Discipline(s):
Sociology
Area(s) of Expertise:
Social Demography, Sociology of the Family, Sociology of Health
Child and Adolescent Well-Being, Poverty, Social Support, and Social Inequality, Life Course Transitions, Sociology of Education, Educational and Socioemotional Adjustment of Children of Immigrants
E-Mail:
turney@umich.edu
Background:
Kristin Turney received her Ph.D. in Sociology from the University of Pennsylvania in August 2009. Broadly, Kristin has developed an active research agenda that examines how social inequalities are reproduced within families. Her dissertation, Growing Up with Depressed Parents: Social Pathways to Disadvantaged Outcomes in Early Childhood, uses longitudinal data from the Fragile Families and Child Wellbeing survey to examine the mechanisms that underlie the link between parental depression and children's internalizing and externalizing behaviors. Other current research projects examine the educational and socioemotional adjustment of young children with immigrant parents, the correlates and consequences of instrumental support from friends and family members, and the importance of neighborhood context in predicting economic and health outcomes throughout the life course.
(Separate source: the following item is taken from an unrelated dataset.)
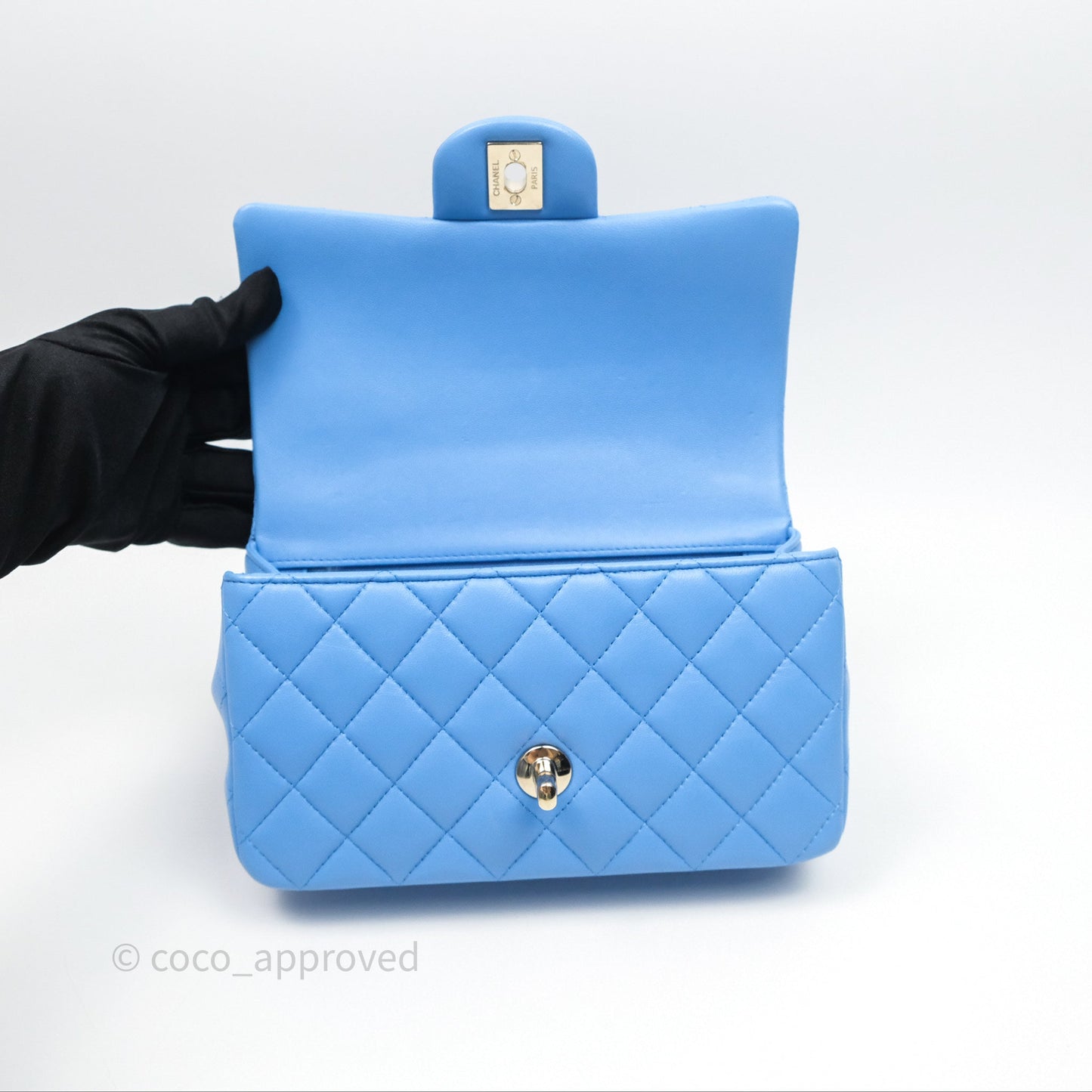Chanel Top Handle Mini Rectangular Flap Blue Lambskin Gold Hardware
As a Robert Wood Johnson Foundation Health & Society Scholar at the University of Michigan, Kristin will use both quantitative and qualitative data to examine the social processes that underlie the complex, reciprocal association between mental health and relationship trajectories (including relationship formation, dissolution, and quality). She plans to pay particular attention to unmarried couples and to examine variation by race and socioeconomic status. In addition, she anticipates examining the correlates and consequences of mental health during the transition to adulthood, a period in the life course considerably altered by recent, dramatic demographic changes.